Italian right-wing populist Matteo Salvini has suggested that military service for young men may be a solution to combat the rise in street violence witnessed on Italian streets.
The country’s former interior minister made the remarks in a social media post alongside disturbing footage of a thuggish brawl which took place in Milan on Saturday evening.
The viral video, originally posted by the Milano bella da dio social media account, documents a fight which broke out in Lecco, Milan on Jan. 29, a popular district for Milanese nightlife. Around a dozen young males can be seen engaged in street fighting, equipped with bottles and at least one male is holding a knife.
According to the Milanese newspaper Corriere della Sera, the district has been “at the center of controversy in recent months due to noises at night, crowds, fights, vandalism, and decay.”
“Milan, brawl with bottles and knives. A little military service for these guys wouldn’t hurt!” Salvini wrote in response to the footage.
Salvini is not averse to strong criticism of the social decay Milan has experienced in recent times. The League party leader — whose party of course at one time called itself ‘Lega Nord’ and was primarily preoccupied with the political landscape in the north of the country before a national rebrand — has regularly criticized the rise in street violence, homelessness and drug use in the city, as have other members of his party.
In June, local League Party MEP Silvia Sardone lamented the demise of the city, regarding the number of illegal immigrants and vagrants on Milanese streets as an “absolute degradation” equal to that of “the third world.”
“Today, in the shadow of the Madonnina, next to the iconic apéritifs, you can buy doses of drugs and watch furious brawls with throwing of chairs and tables,” Sardone added to her criticism of the city, which has now been run by center-left mayor Giuseppe Sala since 2016.

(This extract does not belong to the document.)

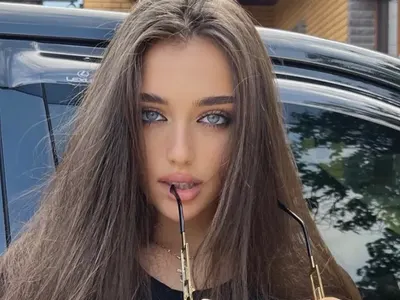 Попари мераклиите: Мис България не си търси гадже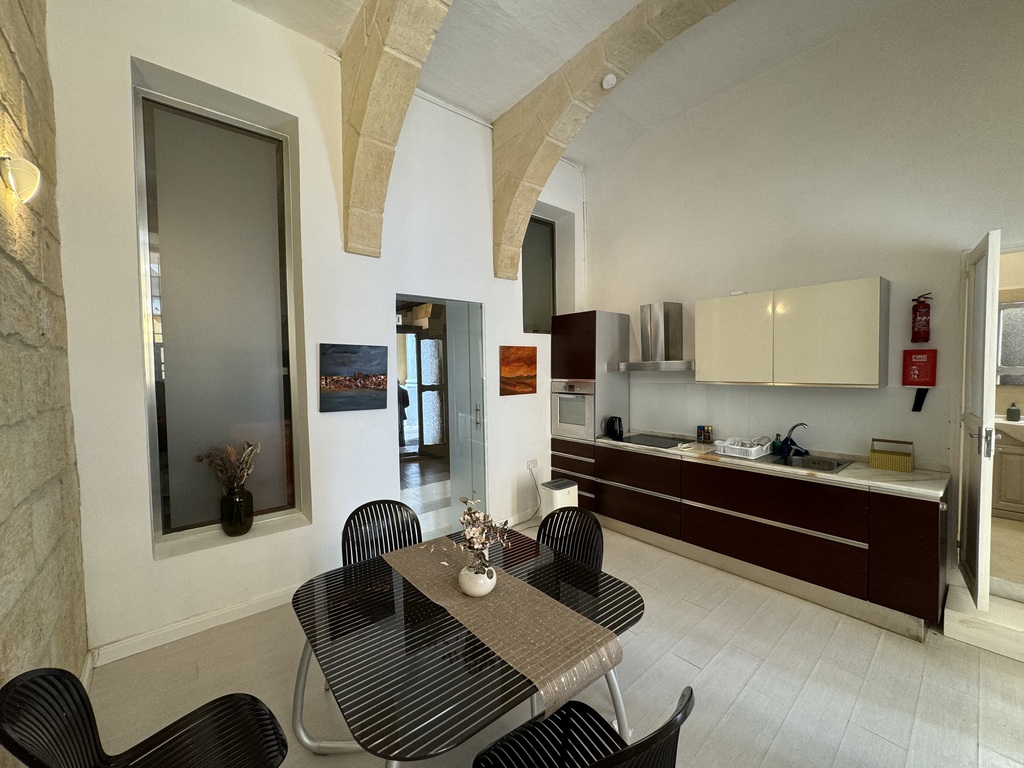 Valletta Converted Town House's Image 11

In September, Salvini tweeted viral footage of a man using a rock to smash up a stationary bus with the caption: “Milan, another precious ‘resource’ maintained at the expense of the Italians.”
And in the city’s New Year’s Eve celebrations, footage was widely shared which purported to show the harassment of two teenage girls by a group of approximately 30 males of foreign origin near the Palazzo Reale in the center of city. The incident saw 18 North African migrants or Italians with a North African background arrested on suspicion of sexual assault on what was believed to be two German tourists and seven other women.